This Economist article on Norway should make interesting reading for Canadians interested in questions of energy, environment, and politics. It highlights how Norway is both progressive on climate change – with a carbon tax and a grid almost completely dominated by hydroelectric power – and a major indirect emitter on account of its large exports of oil and gas. Oil and gas sales produced 413 billion kroner ($75 billion Canadian) in revenues in 2008, and such exports have allowed Norway to build up an oil-revenue fund worth 2.1 trillion kroner ($382 billion Canadian).
The challenge of being a hydrocarbon exporter at a time when future human prosperity depends on the fairly rapid abandonment of fossil fuels is an acute one. While carbon capture and storage (CCS) technologies may eventually help square the circle a bit, that is by no means guaranteed. Indeed, placing excessive confidence on the rapid and economical deployment of that technology will leave states in the lurch if it doesn’t deliver as rapidly as promised.

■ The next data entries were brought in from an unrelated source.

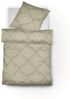 Fleuresse Lech Edelflanell Bettwäsche 200x220 Ornamente beige-sand 603739-7 Bild 3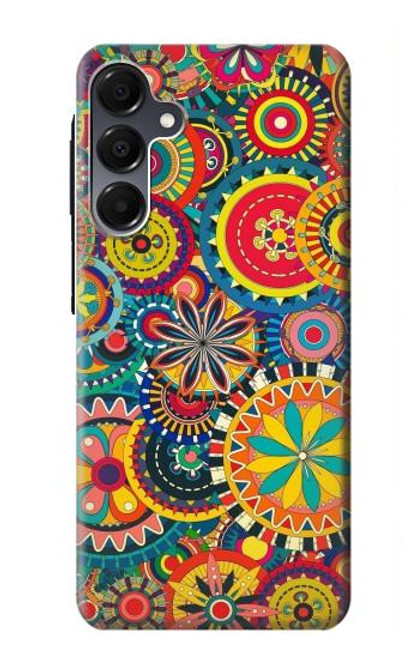 S3272 カラフルなパターン Colorful Pattern Samsung Galaxy A16 5G バックケース、フリップケース・カバー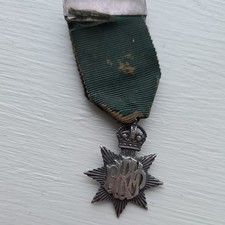 Royal Order of the Buffaloes c.1910-30 KC, white metal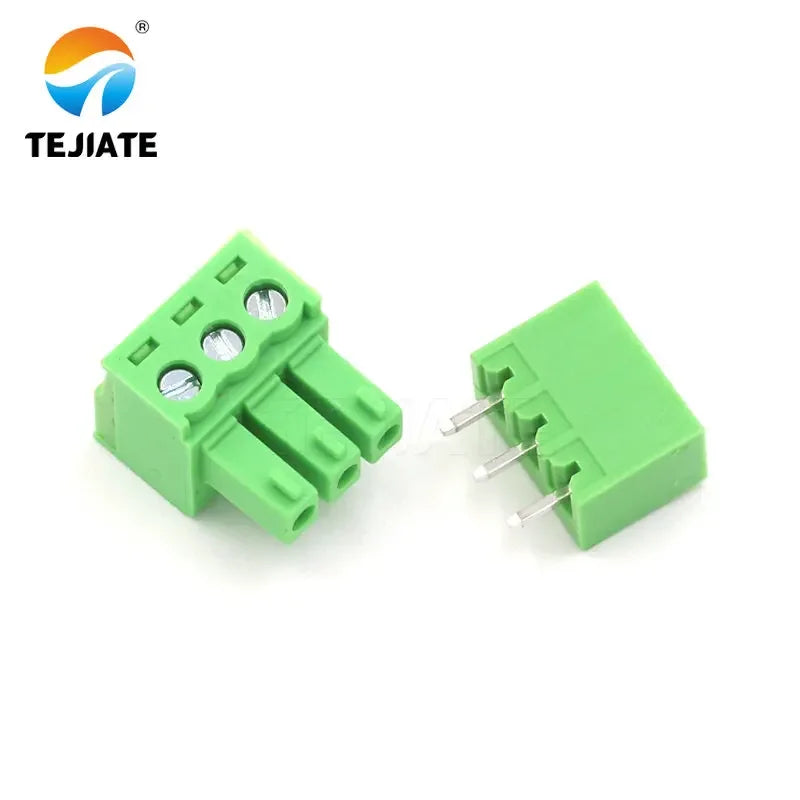 KF2EDG 3.81MM Plug-In PCB Terminal Straight Pin Socket 2/3/4/5/6/7/8/9P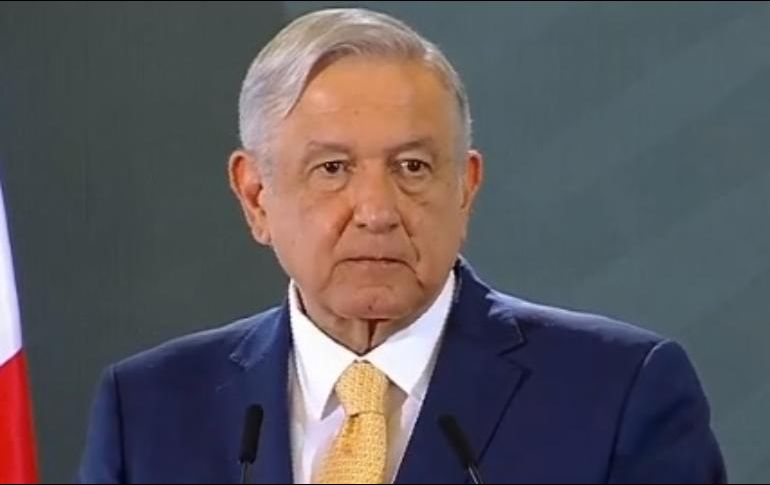 López Obrador hace estas declaraciones luego de que ayer asegurara que gracias a la polémica con Chumel Torres, se enteró que existe la Conapred. TWITTER / @lopezobrador_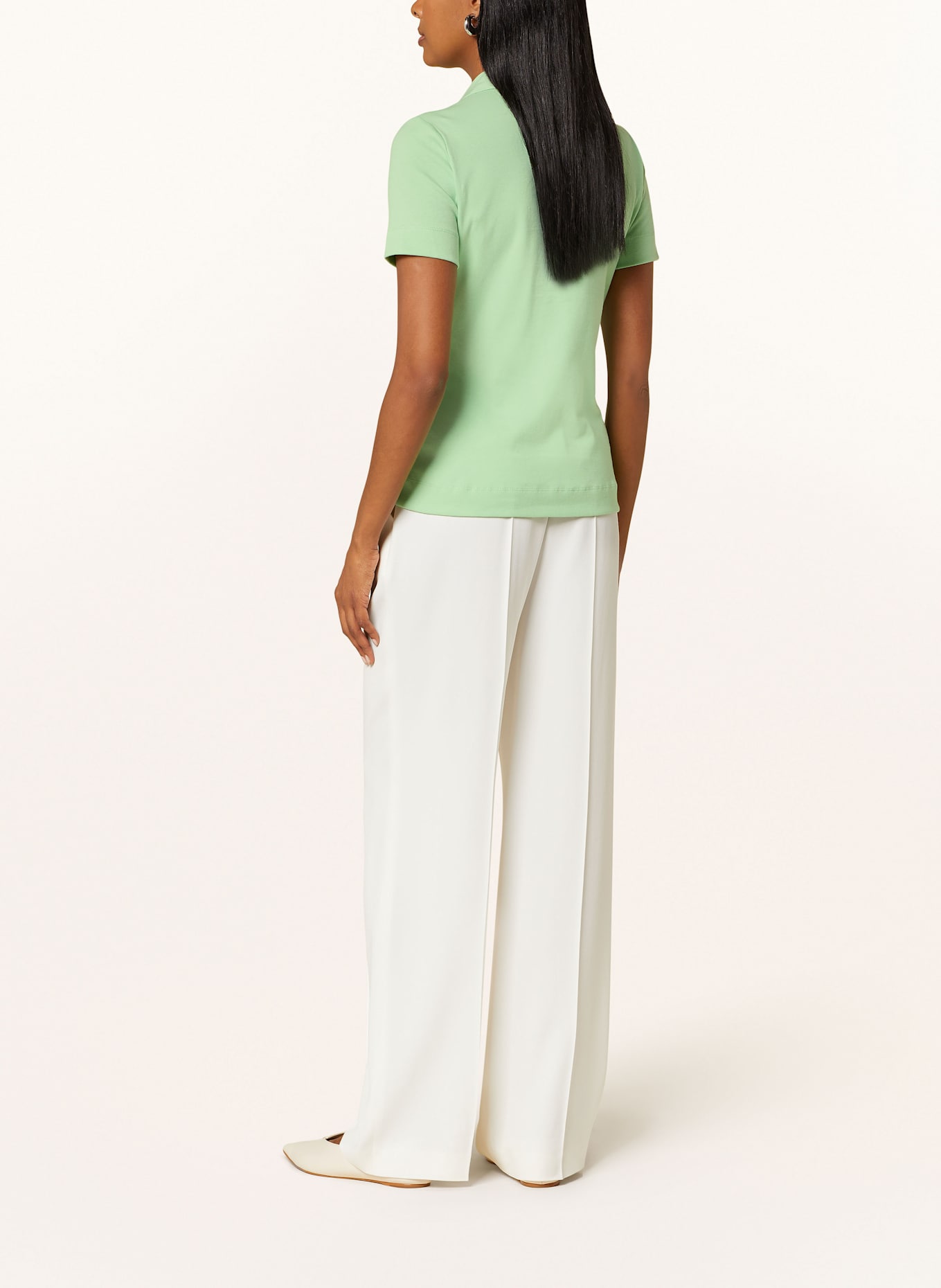 darling harbour Jersey-Poloshirt: pastellgrün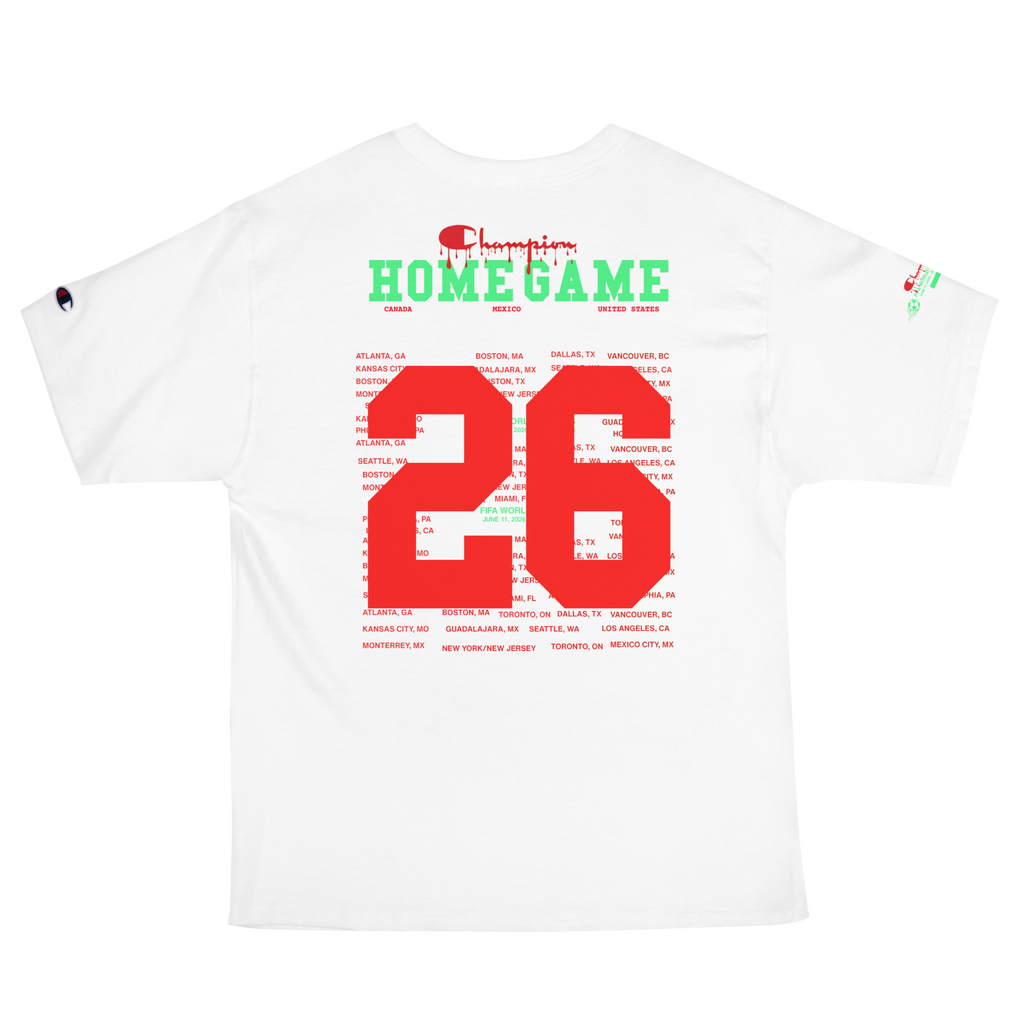 2026 Mexico World Cup Champion Tee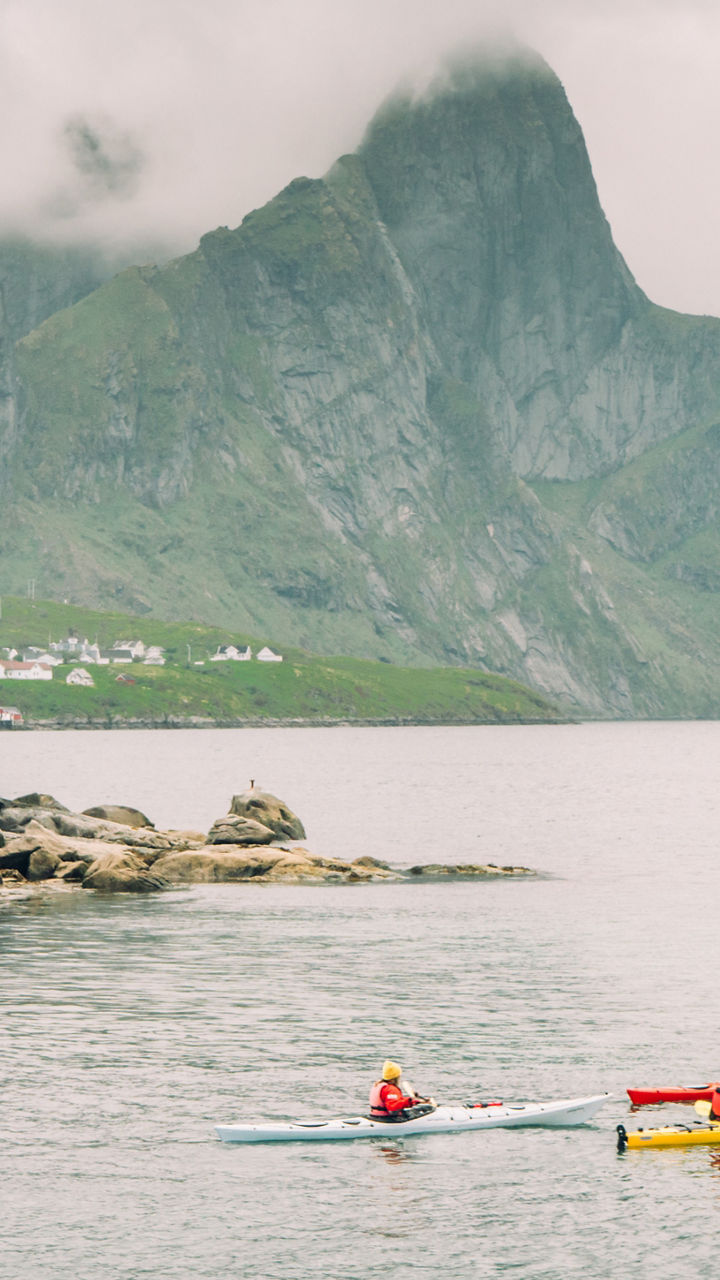 Lofoten Archipelago by Kayak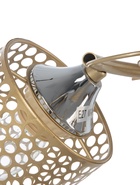 Люстра XA1322B/5, 5×60 Вт, E27, цвет золото, хром  (артикул 10987896)  большой выбор товаров оптом и в розницу по низким ценам с доставкой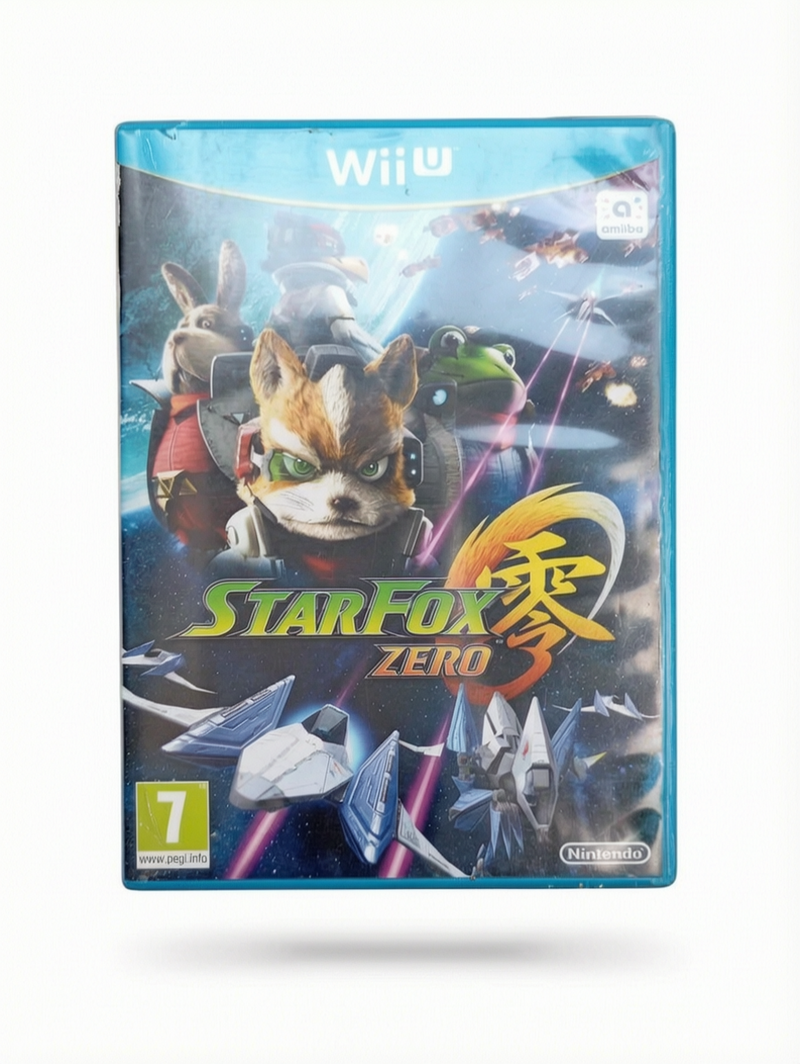 Star Fox Zero Wii U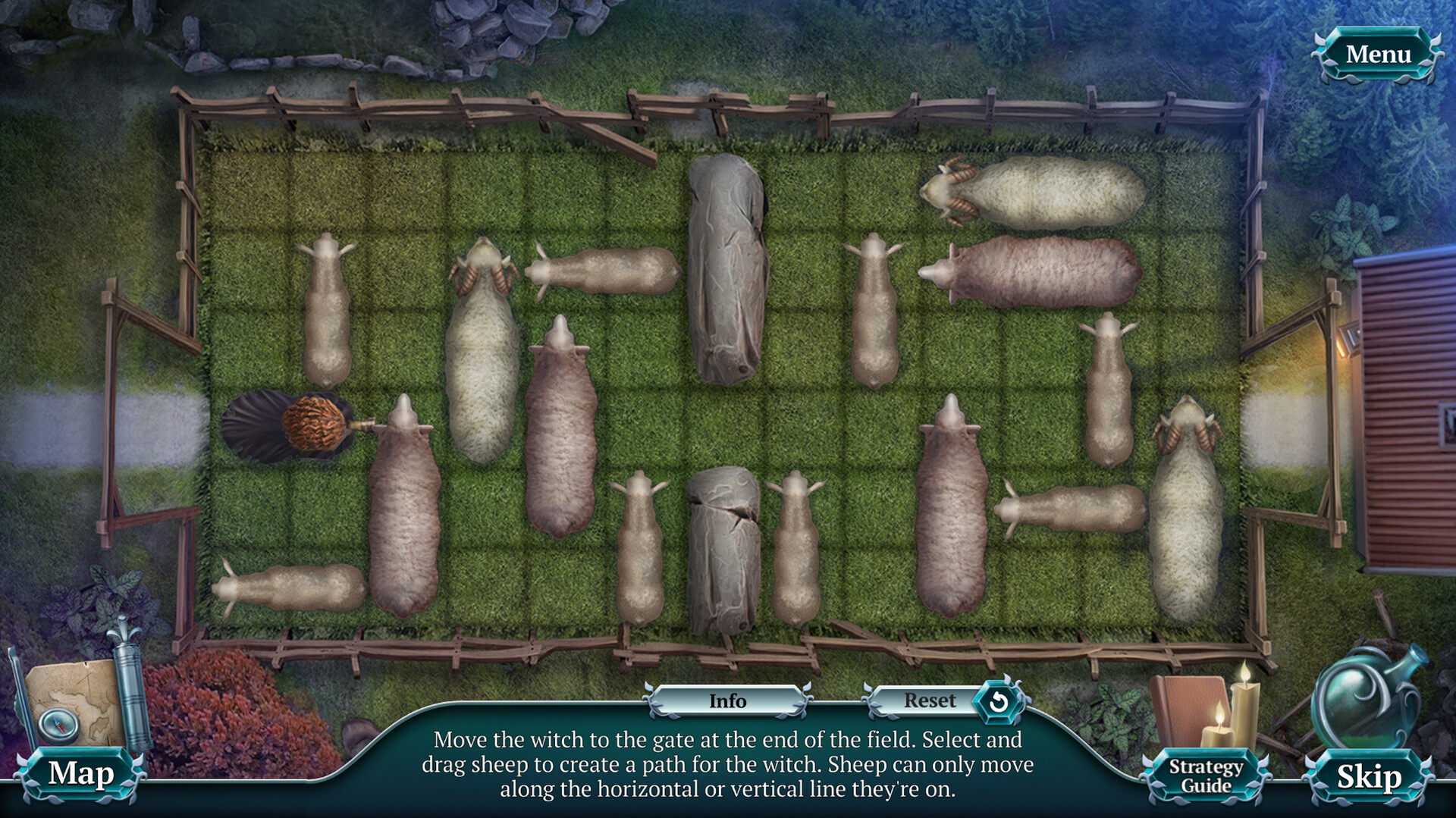 Cursed Fables: Twisted Tower screenshot #4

In addition to discussing carbon pricing instruments and oil exports, the article examines the practice of ‘offsetting’ emissions by paying to have them reduced somewhere else, then taking the credit for doing so by counting those avoided emissions against your own. As discussed before, it is an idea not entirely without merit. That being said, it must be rigorously operated, or it will risk being abused.
Norway’s considerable efforts to respond appropriately to climate change deserve to be both applauded and, where appropriate, replicated in Canada. As for balancing the desire to do what’s right against the temptation of cash for dirty fuels, hopefully Norway will opt to show other oil producers that the temptation can be restrained without destroying prosperity, and that there are big opportunities to be found in alternative, renewable sources of energy. Depressingly, it may only be with strong examples of this type elsewhere that Canada will even begin to seriously contemplate such a shift.